Alrededor de las 09:30 horas el personal médico emitió una emergencia a la Secretaría de Seguridad Ciudadana (SSC), por lo que se activó el Código Negro (alusivo al intento de suicidio).

Agentes de la Policía Auxiliar acordonaron el inmueble ubicado en la colonia Ex Hacienda de Tarango, alcaldía de Álvaro Obregón.

Fueron dos agentes los encargados de subir al tercer piso, donde se encontraba Julio César. Luego de varios intentos de dialogar con él para intentar convencerlo de que no atentara contra su vida, el paciente infectado con COVID-19 se desvaneció.

El hombre fue nuevamente conducido a su cama, pero falleció unos 15 minutos después, presuntamente por complicaciones derivadas del coronavirus, notificó la doctora ‘Mauleón’ a los policías.

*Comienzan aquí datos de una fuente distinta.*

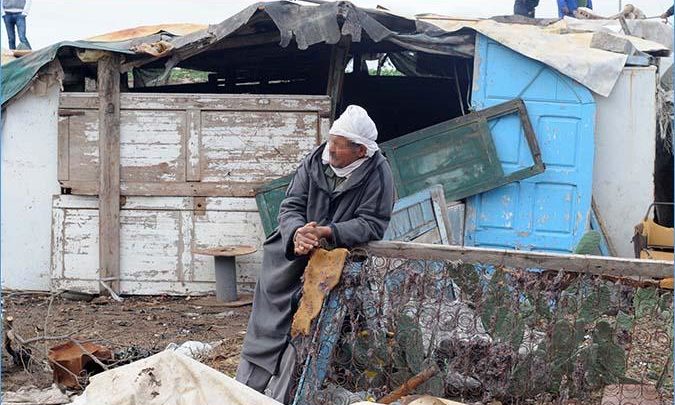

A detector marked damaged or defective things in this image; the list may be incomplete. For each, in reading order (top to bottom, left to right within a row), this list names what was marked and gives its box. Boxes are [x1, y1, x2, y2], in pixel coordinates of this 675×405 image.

damaged wooden structure [1, 2, 675, 294]
rusty wire fence [290, 246, 675, 404]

“Los policías le hicieron ver que podía lograr recuperarse si se atendía debidamente, pero el joven estaba muy desesperado, sentía que no podía respirar; no sabemos cómo alcanzó a llegar por las escaleras de emergencia”, comentó el personal médico testigo.

Los agentes estaban conscientes de que su exposición los volvía blanco de un contagio, pero ante la insistencia del suicidio entraron en acción.